§ **Dataset excerpts**:
- - - - - - -

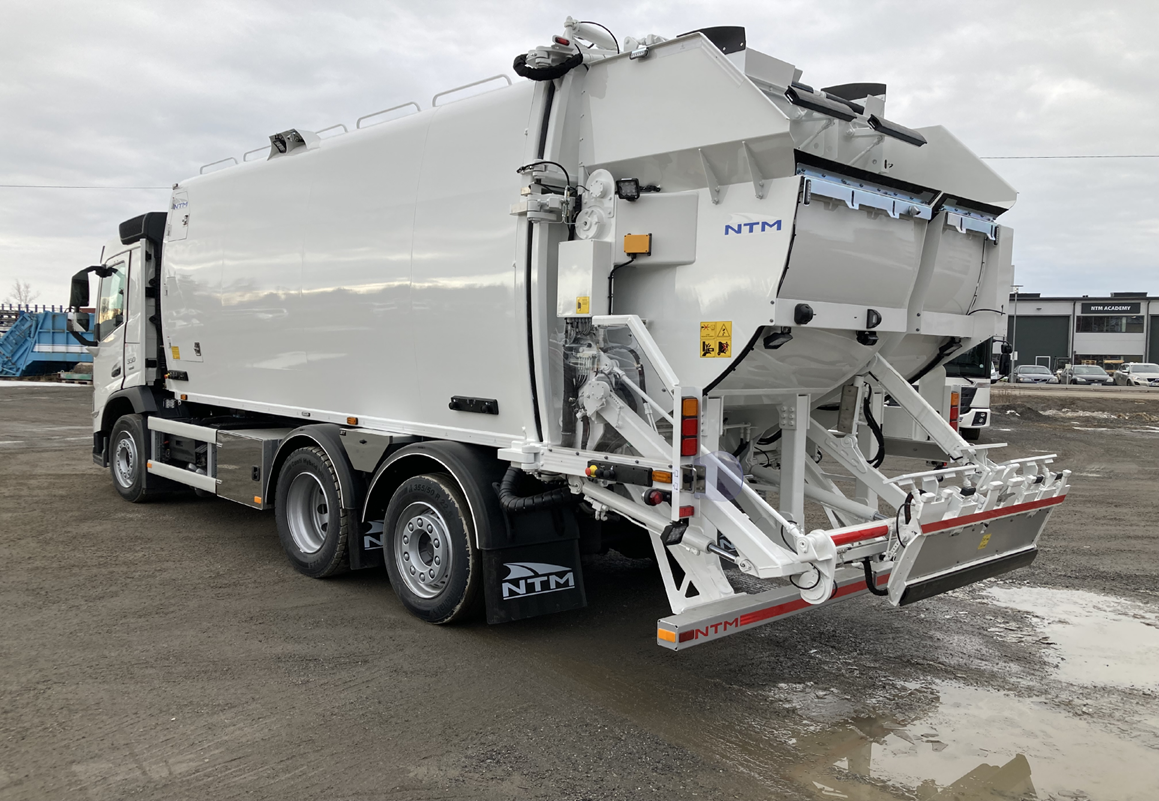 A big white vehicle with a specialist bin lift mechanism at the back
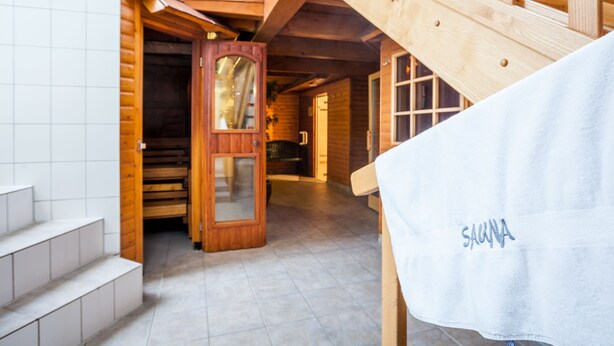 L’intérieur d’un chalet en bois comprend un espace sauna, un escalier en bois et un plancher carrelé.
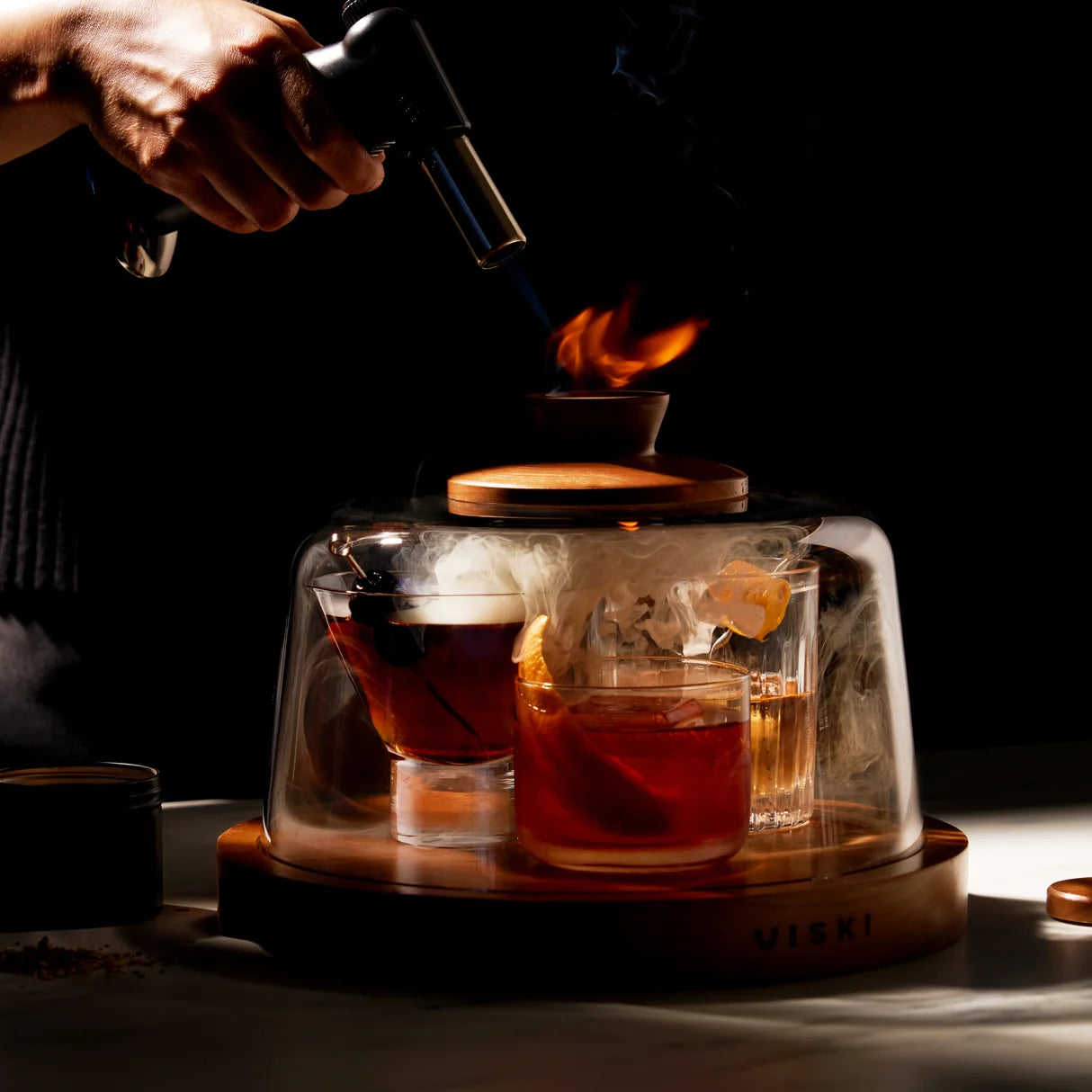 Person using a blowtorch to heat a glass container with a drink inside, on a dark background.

- - - - - - -

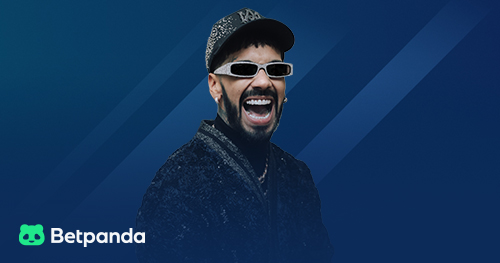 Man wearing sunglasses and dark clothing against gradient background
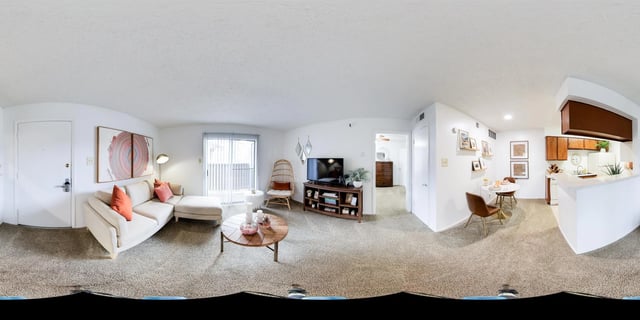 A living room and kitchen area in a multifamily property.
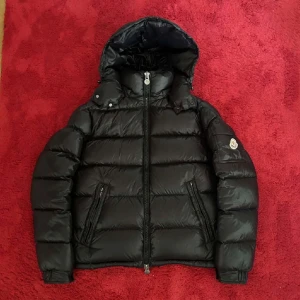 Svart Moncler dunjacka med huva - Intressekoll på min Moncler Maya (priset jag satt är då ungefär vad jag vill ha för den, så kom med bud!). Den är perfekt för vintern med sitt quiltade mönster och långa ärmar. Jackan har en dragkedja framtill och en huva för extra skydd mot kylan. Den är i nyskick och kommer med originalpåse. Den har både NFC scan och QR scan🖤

- - - - - - -

§ **What the exercise asks**:
From the line with "L’intérieur d’un chalet" up to and including the line with "Person using a" above, retype every line exactly and nothing more; leave out the pictures.

§ **Response below**:
 L’intérieur d’un chalet en bois comprend un espace sauna, un escalier en bois et un plancher carrelé.
 Person using a blowtorch to heat a glass container with a drink inside, on a dark background.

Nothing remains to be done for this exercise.